(MATERIALS PROVIDED Opens)

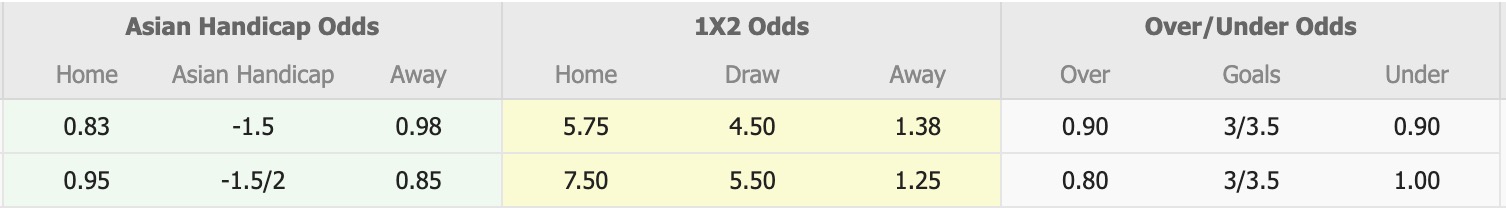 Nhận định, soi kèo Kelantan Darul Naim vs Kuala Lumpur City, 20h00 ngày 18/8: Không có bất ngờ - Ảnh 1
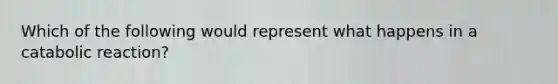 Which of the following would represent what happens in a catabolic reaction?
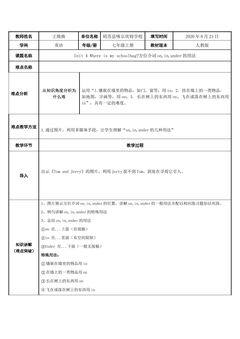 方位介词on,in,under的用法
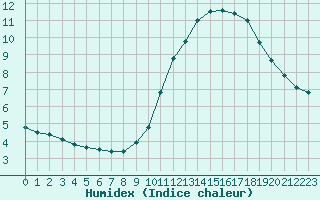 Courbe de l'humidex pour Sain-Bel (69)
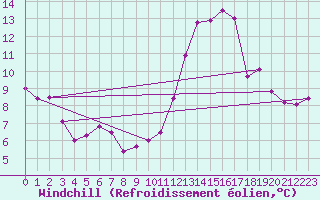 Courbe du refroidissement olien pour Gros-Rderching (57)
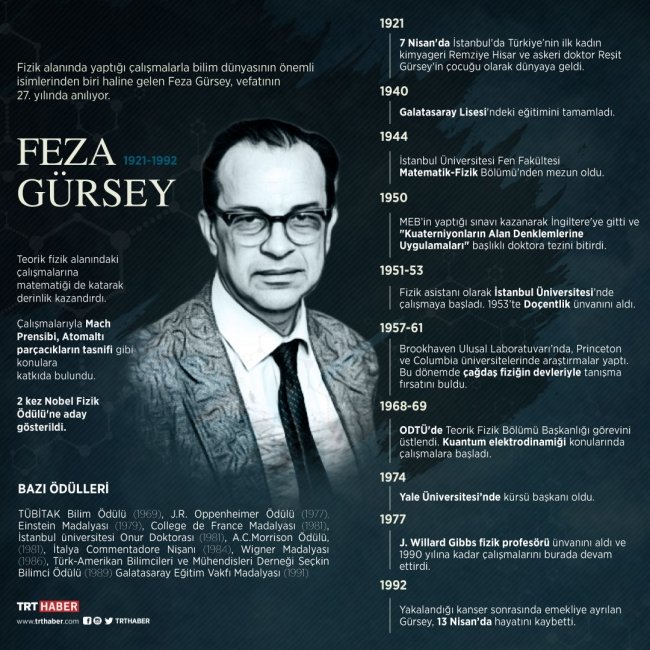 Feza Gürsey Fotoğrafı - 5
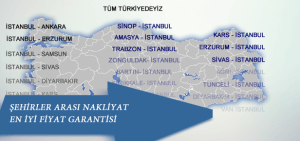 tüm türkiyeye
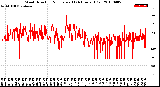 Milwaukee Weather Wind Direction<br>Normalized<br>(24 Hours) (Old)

(MATERIALS PROVIDED Closes)
(MATERIALS PROVIDED Opens)

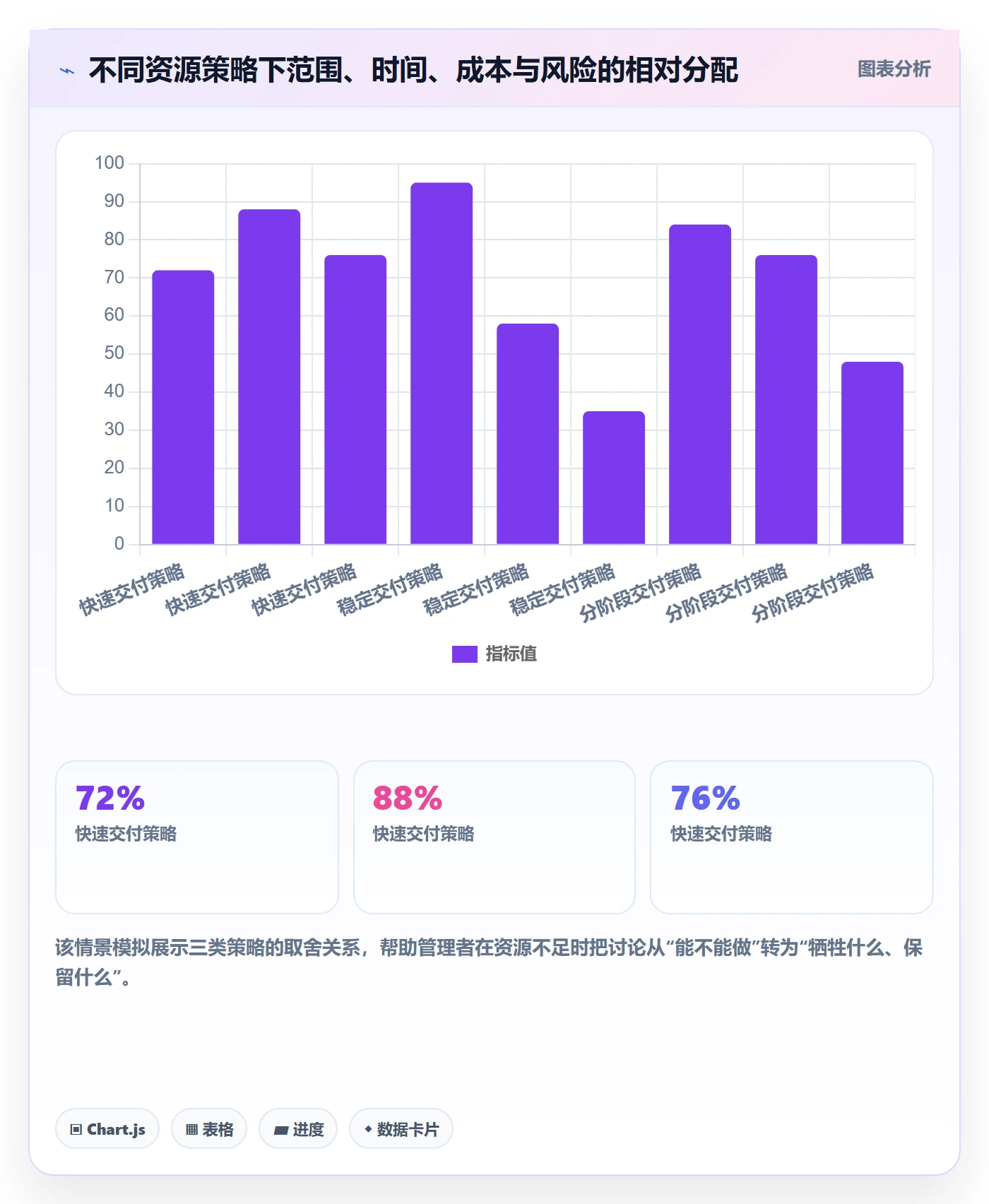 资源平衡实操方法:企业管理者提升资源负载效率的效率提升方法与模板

(MATERIALS PROVIDED Closes)

INSTRUCTIONS TO FOLLOW
Copy exactly the lines of the entries above from the one containing "Nhận định, soi" through the one containing "Milwaukee Weather Wind". Both end lines count; pictures do not.

RESPONSE
 Nhận định, soi kèo Kelantan Darul Naim vs Kuala Lumpur City, 20h00 ngày 18/8: Không có bất ngờ - Ảnh 1
 Which of the following would represent what happens in a catabolic reaction?
 方位介词on,in,under的用法
 Courbe de l'humidex pour Sain-Bel (69)
 Courbe du refroidissement olien pour Gros-Rderching (57)
 Feza Gürsey Fotoğrafı - 5
 tüm türkiyeye
 Milwaukee Weather Wind Direction<br>Normalized<br>(24 Hours) (Old)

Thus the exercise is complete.